Reindex German, Dutch, and Portugese Wikis to Enabled Unpacked Versions
Open, Needs TriagePublic3 Estimated Story Points

Description

Once T281379 is deployed in MediaWiki_1.37/wmf.8, we can reindex the relevant wikis, to activate ICU normalization, ICU folding, and homoglyph normalization.

Current counts are: German—9 wikis; Dutch—9 wikis, Portuguese—9 wikis (excluding 1 pt-br wiki).

Acceptance Criteria

  • All wikis in the relevant languages are reindexed
  • A before-and-after analysis for each language's Wikipedia is provided

Event Timeline

Mentioned in SAL (#wikimedia-operations) [2021-06-22T13:29:00Z] <Trey314159> reindexing German wikis on elastic@eqiad, elastic@codfw, and cloudelastic complete (T284185)

Mentioned in SAL (#wikimedia-operations) [2021-06-22T16:41:19Z] <Trey314159> reindexing Dutch wikis on elastic@eqiad, elastic@codfw, and cloudelastic (T284185)

Mentioned in SAL (#wikimedia-operations) [2021-06-22T20:12:37Z] <Trey314159> reindexing Dutch wikis on elastic@eqiad, elastic@codfw, and cloudelastic complete (T284185)

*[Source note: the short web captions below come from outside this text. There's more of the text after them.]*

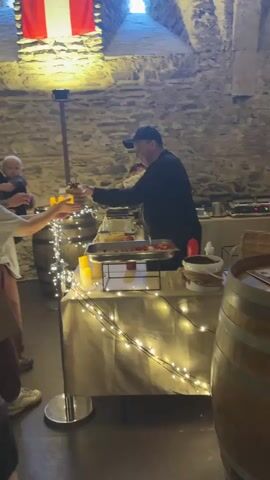 The video begins by showing a food service area decorated with fairy lights, set up against a stone wall. A person in a black shirt and cap is handing a plate of food to another person. In the background, more people are seated at tables in a dimly lit, vaulted stone chamber. Wine barrels are visible, contributing to the rustic ambiance. The camera pans to reveal the interior of the chamber, showing more tables and patrons. The scene suggests a casual dining establishment, possibly a restaurant or event space with a historical or medieval theme.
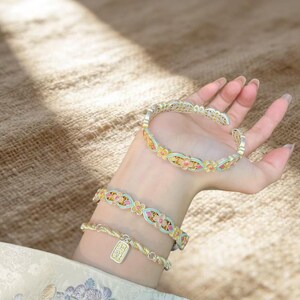 Pode incluir: Duas pulseiras abertas e uma pulseira de corrente com um motivo floral repetitivo em tons de azul claro, rosa e dourado. A pulseira de corrente inclui um pequeno pingente retangular com detalhes gravados, tudo trabalhado em metal.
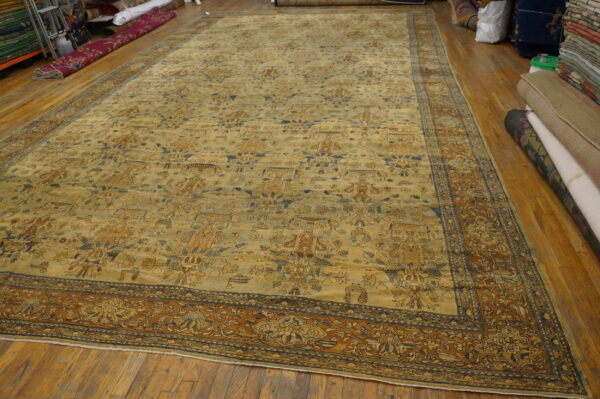 Large golden-tan rug with complex brown and blue patterns displayed on hardwood floor.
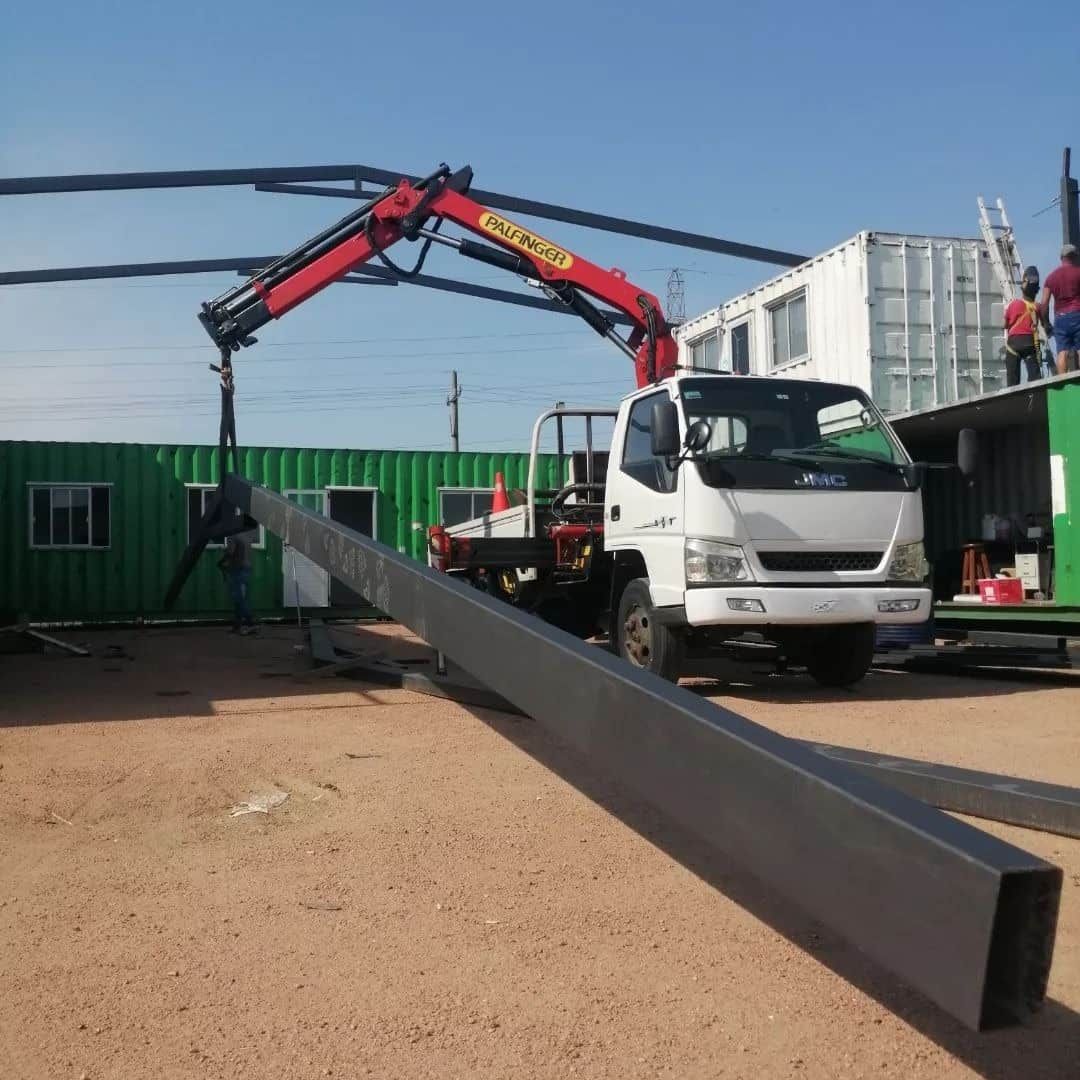 Grúa montada en camión levanta una viga de metal en un sitio de construcción cerca de contenedores verdes y blancos, bajo un cielo soleado.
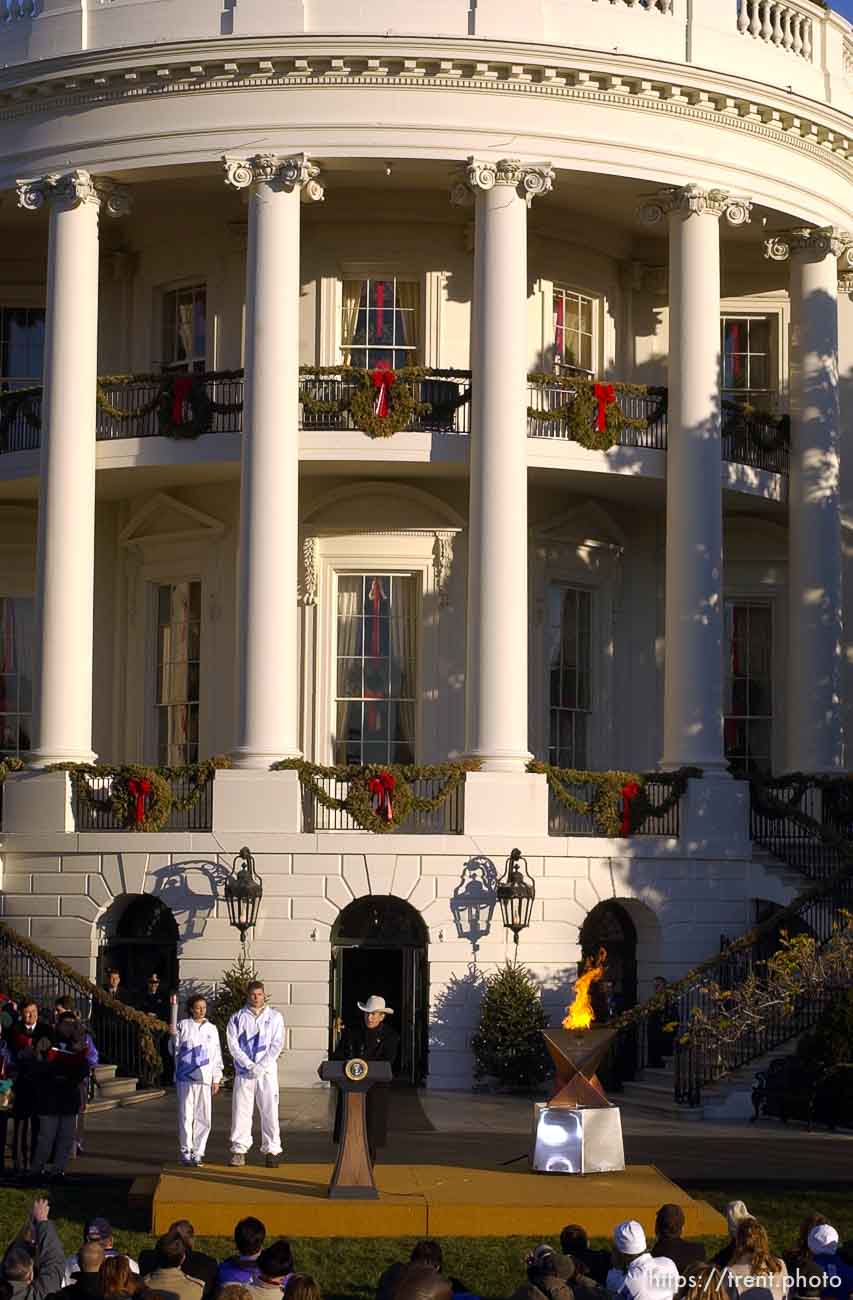 The Olympic Torch comes to the White House. Elizabeth Howell runs it in, President George Bush lights the cauldron, and Eric Jones runs it out.
 12.22.2001, 6:32:15 AM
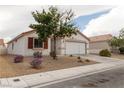 Inviting single-story home showcasing a red tile roof, neutral stucco, and a two-car garage at 629 Bright Lights Ave, North Las Vegas, NV 89031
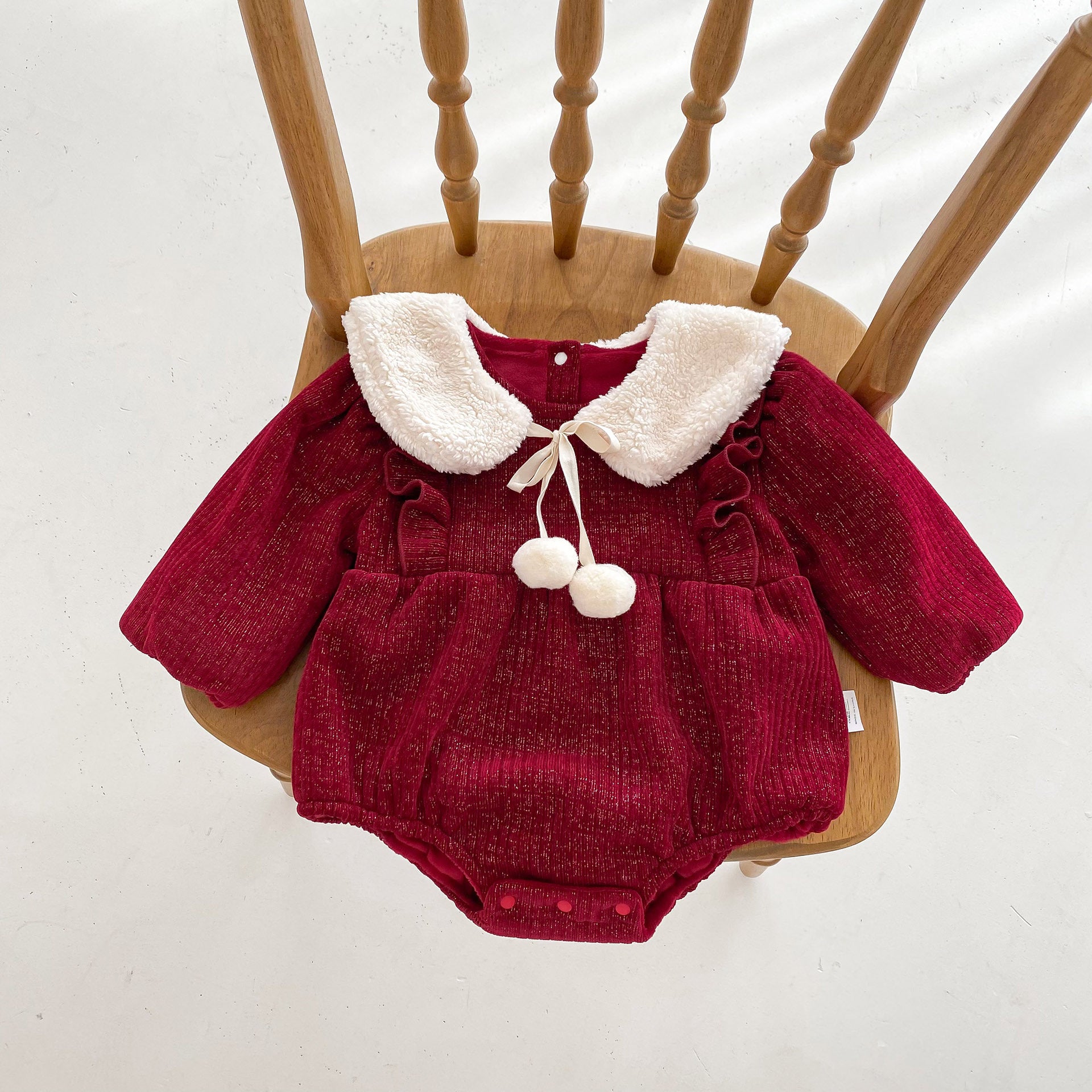 A luxurious red velvet baby romper with long sleeves, ruffled details, and a white faux fur Peter Pan collar adorned with a ribbon tie and two pom-poms. The romper is elegantly displayed on a wooden chair, highlighting its soft texture and festive design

Mentioned in SAL (#wikimedia-operations) [2021-06-22T20:12:55Z] <Trey314159> reindexing Portuguese wikis on elastic@eqiad, elastic@codfw, and cloudelastic (T284185)

Mentioned in SAL (#wikimedia-operations) [2021-06-23T00:02:32Z] <Trey314159> reindexing Portuguese wikis on elastic@eqiad, elastic@codfw, and cloudelastic complete (T284185)

TJones renamed this task from Reindex German, Dutch, and Portugese Wikis to Reindex German, Dutch, and Portugese Wikis to Enabled Unpacked Versions.Jun 23 2021, 10:03 PM

More details on Mediawiki: DE/NL/PT Reindexing Impacts.

Summary:

  • All
    • ICU Folding is the biggest driver of zero-results improvements and increased number of results, usually because of missing diacritics.
    • Reindexing seems to decrease discrepancies between shards, which lowers the incidence rate of queries with a different top result
    • Improved filtering, because in German 6 consonants in a row is perfectly normal; also improved URL and email detection, and filtered very long queries with zero results (another form of junk).
  • German (3K sample)
    • I also disabled the folding of ß to ss in the plain field, as per T87136.
    • Zero results rate dropped by -0.3% absolute change; -1.4% relative change
    • 11.5% of queries got more results in general
    • The query was heisst s.w.a.t. ("what does S.W.A.T. do?") dropped from 3369 down to 67 results because ß and ss no longeer match in the plain field, and s.w.a.t. is not broken up in the text field (word_break_helper is not enabled)
  • Dutch (3K sample)
    • Zero results rate dropped by -0.1% absolute change; -0.4% relative change
    • 8.0% of queries got more results in general
  • Portuguese (3K sample)
    • Zero results rate dropped by -0.4% absolute change; -2.1% relative change
    • 15.3% of queries got more results in general
    • Missing tildes (a instead of ã, or o instead of õ) are the biggest sources of changes
    • The query 1926~ got a lot more hits, but I don't know why. Weird.